En origen, como reconoce la propia Comisión Europea, la norma era provisional: las colas y los retrasos se hicieron tan frecuentes durante el verano de 2006 que las compañías rápidamente comenzaron a implantar tecnología punta para escanear rápidamente equipajes, dispositivos electrónicos y líquidos. La idea era retirar la restricción una vez la tecnología se implantara. Lo segundo sucedió, pero lo primero, como muchas otras medidas que cambian pomposamente libertad por seguridad, no.

Aeropuerto 2 Aeropuerto libre de pesto. (chuttersnap/Unsplash)

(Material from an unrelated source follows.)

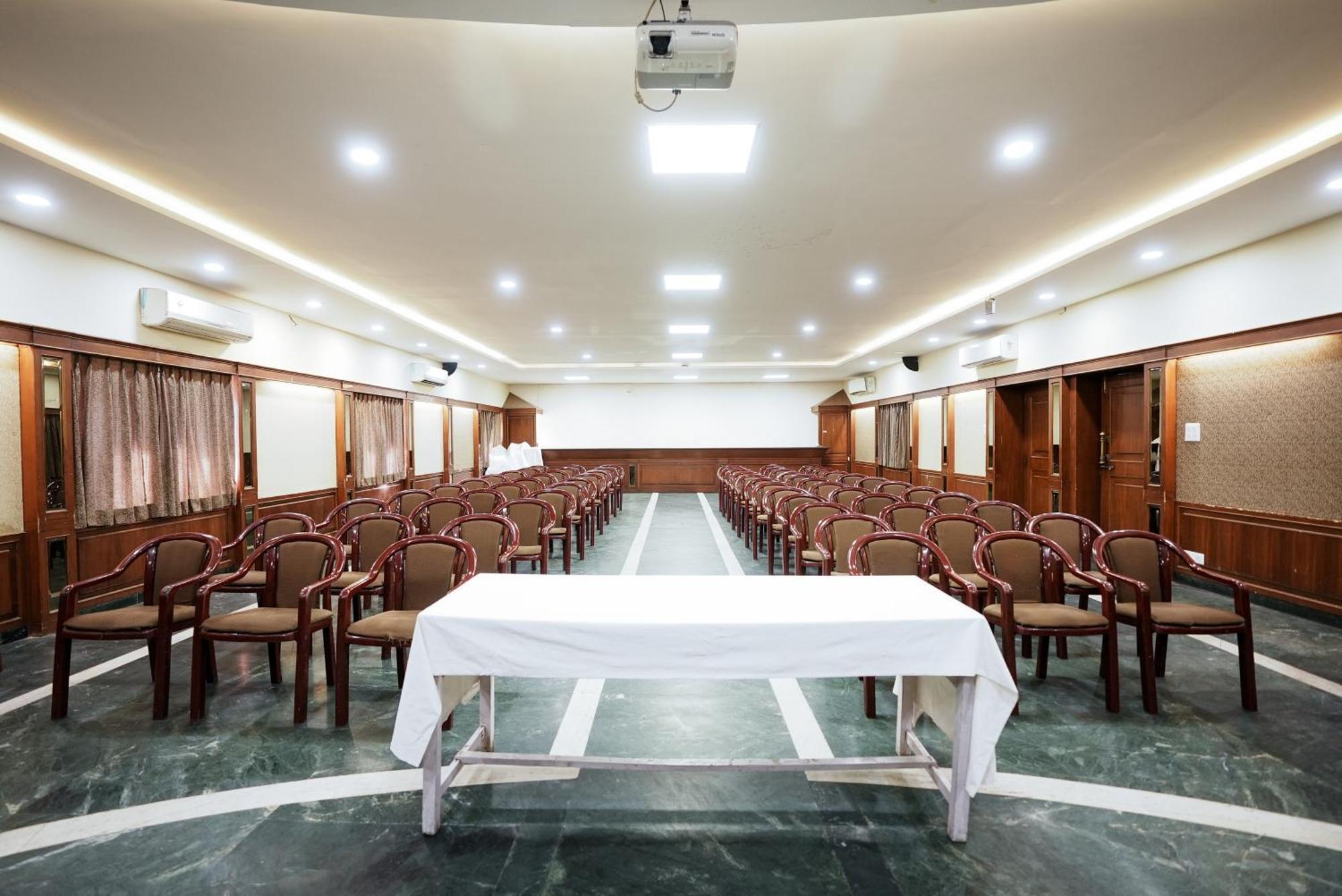 Rupis Resort Near Udaipur Airport Dabok Bagian luar foto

Con el paso del tiempo, tanto las reglas estadounidenses como las europeas se han relajado. Ahora es posible introducir líquidos en bolsas herméticamente cerradas... Que prácticamente nadie lleva, y que son poco útiles cuando vas de viaje y, cuestiones del apetito, decides comprar una botella de aceite virgen en una tienda local. Y aquella medida temporal nos ha acompañado hasta hoy, incidiendo, como se argumenta aquí, en un estado de sospecha y alarma permanente y poco acogedor.

Y quizá práctico: ¿qué pasa si un terrorista decide utilizar algunas de las excepciones para transportar su líquido explosivo, como por ejemplo la leche para el bebé? ¿O si opta por repartirlo en diez botecitos menores de 100 mililitros? La lucha contra los explosivos se ha convertido en una lucha contra todos los líquidos (incluido el pesto), lo cual enfurece, con razón, a muchos pasajeros.

Diez años después, en Génova han utilizado una campaña publicitaria para poner fin a una medida que debía ser temporal. La cuestión es cuántos productos típicos necesitaremos para debatir sobre su utilidad.